My gripes with Vivaldi: still a Chromium-based browser (like the new Opera),
and still no e-mail client.

Compare this to previous iterations of Opera (pre-12), which featured a
custom, fast rendering engine, and built-in features ranging from mail client,
IRC client, and torrent client to a _web server_ and a _file-sharing_
platform![1]

Sadly, Vivaldi is still a shadow of what Opera used to be. I'm still hopeful,
but they simply don't have an attractive product yet.
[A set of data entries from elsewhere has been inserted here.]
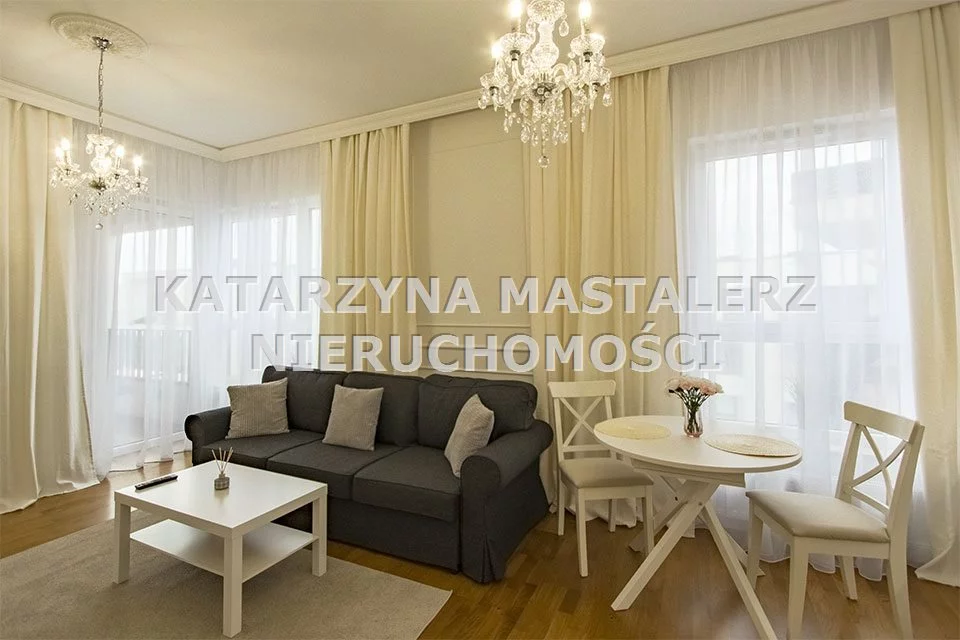 Mieszkanie na sprzedaż, 43,73 m², 2 pokoje, 5 piętro, oferta nr KMA-MS-521-20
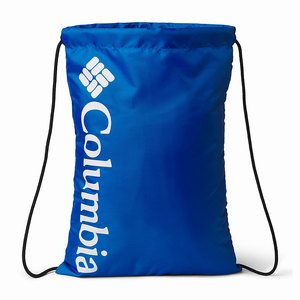 Columbia Mochila Drawstring™ Bag Mujer Azules/Blancos (190VNAXDS)
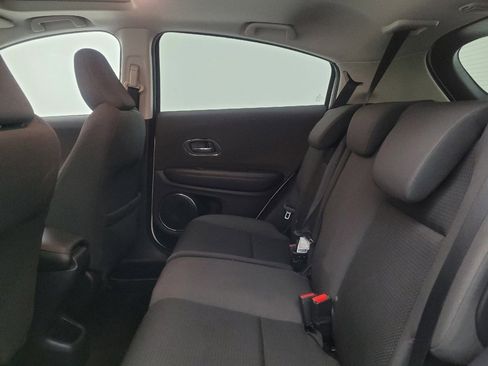 Used 2020 Honda HR-V EX image 18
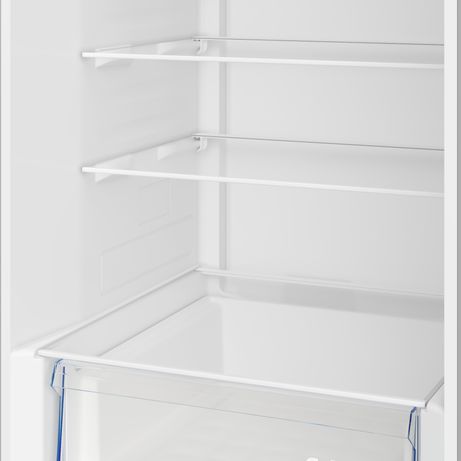 FRIGORIFICO COMBI BEKO B1RCNE404G NOFROST E ALTO 203 CM ANCHO 595 CM INOX - Imagen 6 de 11 FRIGORIFICO COMBI BEKO B1RCNE404G NOFROST E ALTO 203 CM ANCHO 595 CM INOX - Imagen 6 de 11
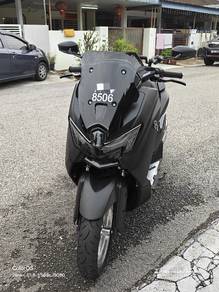 Yamaha NMAX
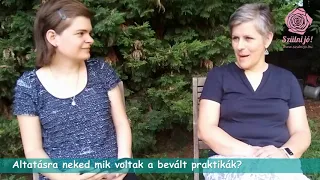 Mi történik szülés után? - A gyermekágyas időszak - Kérdezz-felelek 3. rész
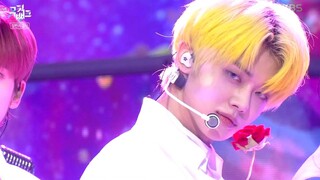 [K-POP|TXT] BGM: Fairy of Shampoo | Panggung Spesial 200626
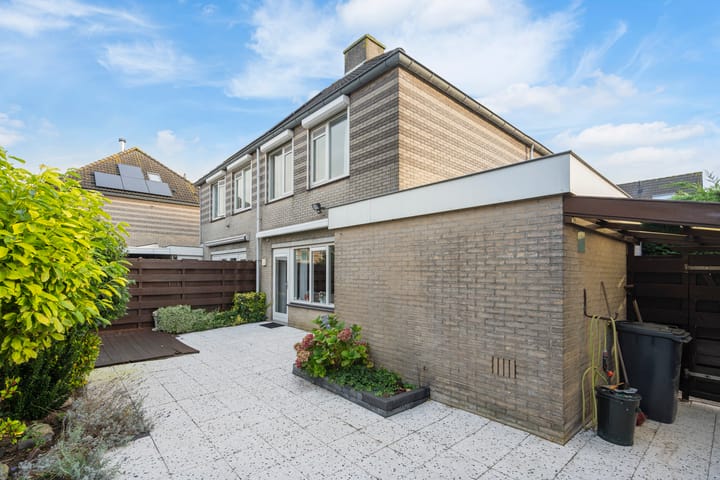 Foto 31 van Igor Strawinskystraat 1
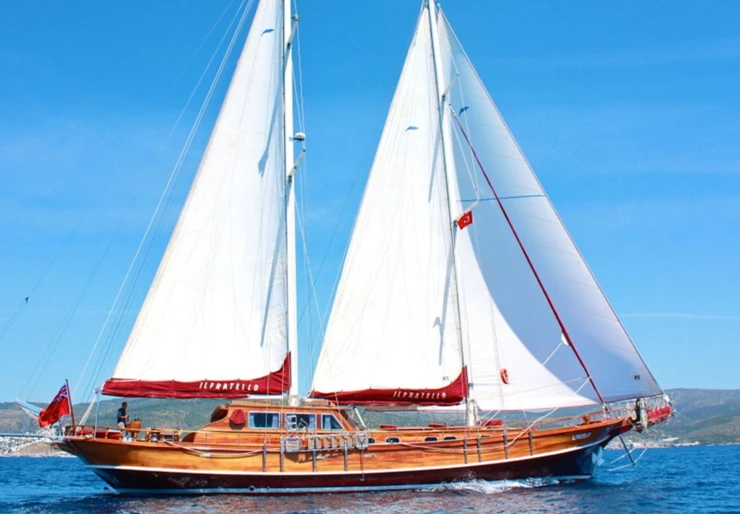 Il Fratello Marina Milta Marina | Il Fratello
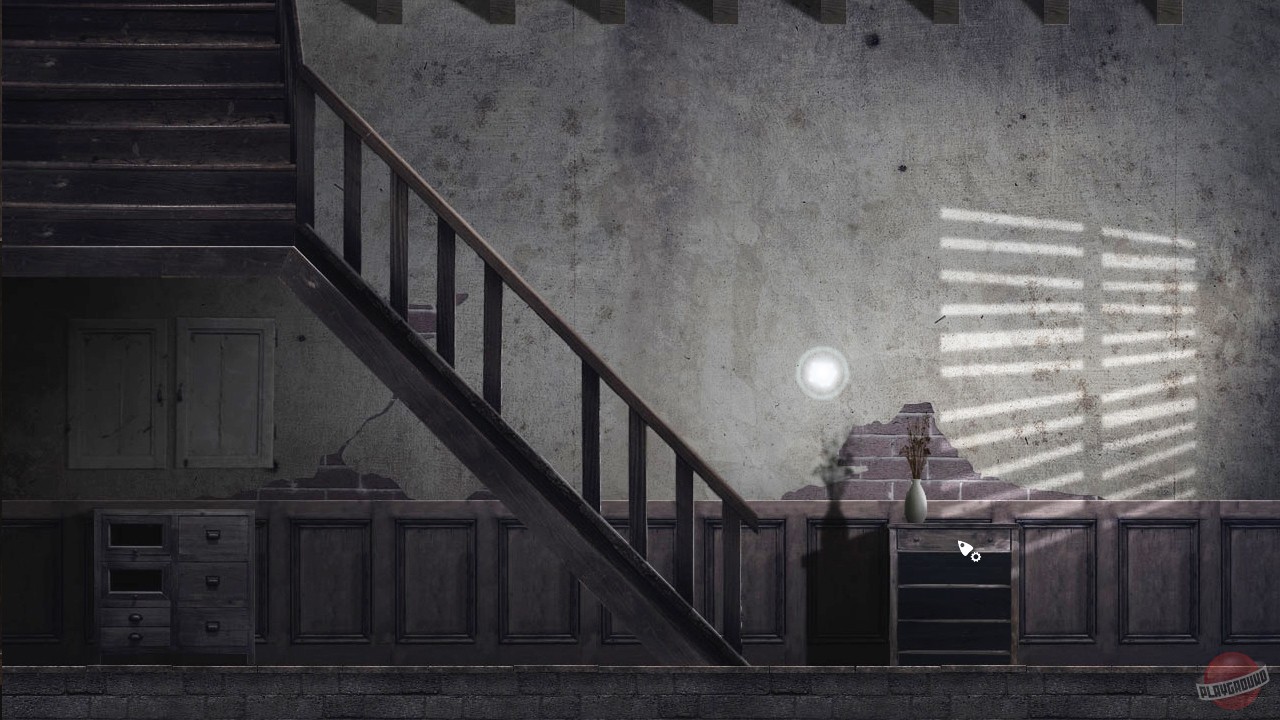 Скриншот из игры Goetia - 31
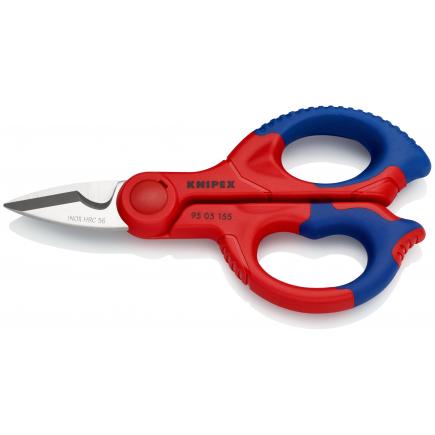 KNIPEX Forbici da elettricista - 1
I'll think again when
the mail client is there, it was a killer feature.

I've switched to FF Quantum, and not switching to anything else any time soon.
For me, the killer feature is the new fast engine -- and the reader view,
which is the only way I can tolerate about half the websites out there.

With reader view and integrations such as Pocket and full-page screenshot
directly from the UI, Firefox seems to be the only browser innovating on UX-
out-of-the-box these days. (Edge had introduced some neat things, and I tried
it for a while, but it just falls short for me).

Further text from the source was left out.